Sviluppo di metriche per il supporto dell'analisi semantica diacronica

Diachrony is the study of linguistic phenomena as they change over a period of time, so it is the complex of changes in a language or a linguistic element. The goal of this project is to perform a diachronic study on the Italian language, with Natural Language Processing, and use the results to obtain a value of recentness for words and possibly for an entire document. The fundamental support of this project was the Google Trends PyTrends library that allows, through its interface, to take advantage of the data collected from the Google Trends site. The data that can be obtained, allow to know the frequency of search on the web search engines of a specific word or phrase. In order to proceed, we chose some topics and, using a Python library, we searched them on Wikipedia. These searches have produced, for each topic, a document that will be the starting point of the following steps. On each document a textual processing phase was carried out, in which automatic word processing processes are applied, in particular grammatical and lexical analysis and some textual information extraction processes including Named Entity Recognition. This was possible thanks to the NLTK and SpaCy libraries, thus obtaining the most interesting words for the study. The words that passed this phase, were then searched on Google Trends to obtain data of their search frequency. This data was then processed in order to associate a recentness value to the words. Afterwards, based on the results obtained for all the words in the document, a recentness value for the topic can then be extracted. The results of the various topics can then be used for analysis and automatic recommendation systems based on recentness, both to provide suggestions for the most recent and the least searched.

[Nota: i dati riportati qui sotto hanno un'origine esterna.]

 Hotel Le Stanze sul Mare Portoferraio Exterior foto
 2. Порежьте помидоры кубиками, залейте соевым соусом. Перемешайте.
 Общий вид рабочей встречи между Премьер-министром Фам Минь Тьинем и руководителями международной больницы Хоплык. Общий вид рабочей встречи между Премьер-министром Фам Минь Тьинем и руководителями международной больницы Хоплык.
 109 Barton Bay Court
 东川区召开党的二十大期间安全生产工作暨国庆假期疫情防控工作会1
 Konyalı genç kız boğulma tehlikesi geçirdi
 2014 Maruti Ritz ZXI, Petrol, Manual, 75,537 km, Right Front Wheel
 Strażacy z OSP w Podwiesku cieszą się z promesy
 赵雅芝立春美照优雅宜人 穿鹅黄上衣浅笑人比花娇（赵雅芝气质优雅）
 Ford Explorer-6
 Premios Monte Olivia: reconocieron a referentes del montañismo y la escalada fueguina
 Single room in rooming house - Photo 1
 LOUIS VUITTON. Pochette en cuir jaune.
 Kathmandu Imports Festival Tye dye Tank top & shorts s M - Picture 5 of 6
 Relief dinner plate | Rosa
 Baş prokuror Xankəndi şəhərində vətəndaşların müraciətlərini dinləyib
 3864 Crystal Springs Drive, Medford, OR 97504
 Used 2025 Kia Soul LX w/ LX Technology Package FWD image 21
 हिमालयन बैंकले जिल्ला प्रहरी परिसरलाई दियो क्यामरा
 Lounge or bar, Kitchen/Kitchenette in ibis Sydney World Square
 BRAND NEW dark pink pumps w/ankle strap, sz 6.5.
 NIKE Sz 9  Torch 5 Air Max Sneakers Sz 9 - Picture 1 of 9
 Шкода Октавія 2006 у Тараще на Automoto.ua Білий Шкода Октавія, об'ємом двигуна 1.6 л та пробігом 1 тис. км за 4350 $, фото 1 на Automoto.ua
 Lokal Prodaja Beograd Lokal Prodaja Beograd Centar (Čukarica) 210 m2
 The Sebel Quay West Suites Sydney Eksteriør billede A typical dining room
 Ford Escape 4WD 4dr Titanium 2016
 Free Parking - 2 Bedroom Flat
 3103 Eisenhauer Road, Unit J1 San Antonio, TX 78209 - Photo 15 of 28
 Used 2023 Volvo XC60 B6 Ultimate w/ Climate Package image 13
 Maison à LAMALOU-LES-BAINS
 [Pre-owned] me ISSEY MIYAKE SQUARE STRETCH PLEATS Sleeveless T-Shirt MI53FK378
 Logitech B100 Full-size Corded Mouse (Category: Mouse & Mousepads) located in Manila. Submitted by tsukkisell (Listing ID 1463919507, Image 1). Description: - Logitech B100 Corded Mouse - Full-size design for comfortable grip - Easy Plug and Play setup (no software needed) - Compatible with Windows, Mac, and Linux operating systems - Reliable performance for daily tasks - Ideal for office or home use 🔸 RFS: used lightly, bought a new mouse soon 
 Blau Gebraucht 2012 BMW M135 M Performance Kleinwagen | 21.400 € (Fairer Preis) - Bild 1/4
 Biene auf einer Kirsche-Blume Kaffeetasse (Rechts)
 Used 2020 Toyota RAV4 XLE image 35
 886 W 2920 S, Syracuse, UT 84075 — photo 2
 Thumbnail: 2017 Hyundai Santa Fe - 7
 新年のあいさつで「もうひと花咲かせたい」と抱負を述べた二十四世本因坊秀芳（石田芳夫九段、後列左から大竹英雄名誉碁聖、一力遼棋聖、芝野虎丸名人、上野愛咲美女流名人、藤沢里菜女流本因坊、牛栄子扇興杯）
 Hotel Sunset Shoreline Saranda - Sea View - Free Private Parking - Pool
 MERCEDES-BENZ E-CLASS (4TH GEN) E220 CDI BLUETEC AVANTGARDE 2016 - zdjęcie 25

La diacronia, è lo studio dei fenomeni linguistici nel loro sviluppo nel tempo, quindi è il complesso dei mutamenti di una lingua o di un elemento linguistico. L'obiettivo di questo progetto è di effettuare uno studio diacronico sulla lingua italiana, con il Natural Language Processing, e utilizzare i risultati per poter ottenere un valore di recentezza per le parole ed eventualmente per un intero documento. Il supporto fondamentale di questo progetto è stata la libreria di Google Trends PyTrends che permette, tramite la sua interfaccia, di usufruire dei dati raccolti dal sito di Google Trends. I dati che si possono ottenere, consentono di conoscere la frequenza di ricerca sui motori di ricerca del web di una determinata parola o frase. Per poter procedere, abbiamo scelto alcuni argomenti e, mediante una libreria di Python ne abbiamo effettuato la ricerca su Wikipedia. Tali ricerche hanno prodotto, per ciascun argomento, un documento che sarà il punto di partenza delle fasi successive. Su ciascun documento è stata svolta una fase di elaborazione testuale, in cui vengono applicati processi di trattamento automatico delle parole, in particolare l'analisi grammaticale, lessicale e alcuni processi di estrazione di informazioni testuali tra cui la Named Entity Recognition. Questo è stato possibile grazie alle librerie NLTK e SpaCy, ottenendo così le parole più interessanti per lo studio. Le parole che hanno superato questa fase, sono state successivamente cercate su Google Trends per ottenere i dati della loro frequenza di ricerca. Questi dati, sono stati poi elaborati per poter associare un valore di recentezza alle parole. Successivamente, sulla base dei risultati ottenuti per tutte le parole del documento, si potrà quindi estrarre un valore di recentezza per l'argomento. I risultati dei vari argomenti potranno essere utilizzati per analisi e sistemi di raccomandazione automatica basati sulla recentezza, sia per fornire suggerimenti riguardo i più recenti che per i meno ricercati.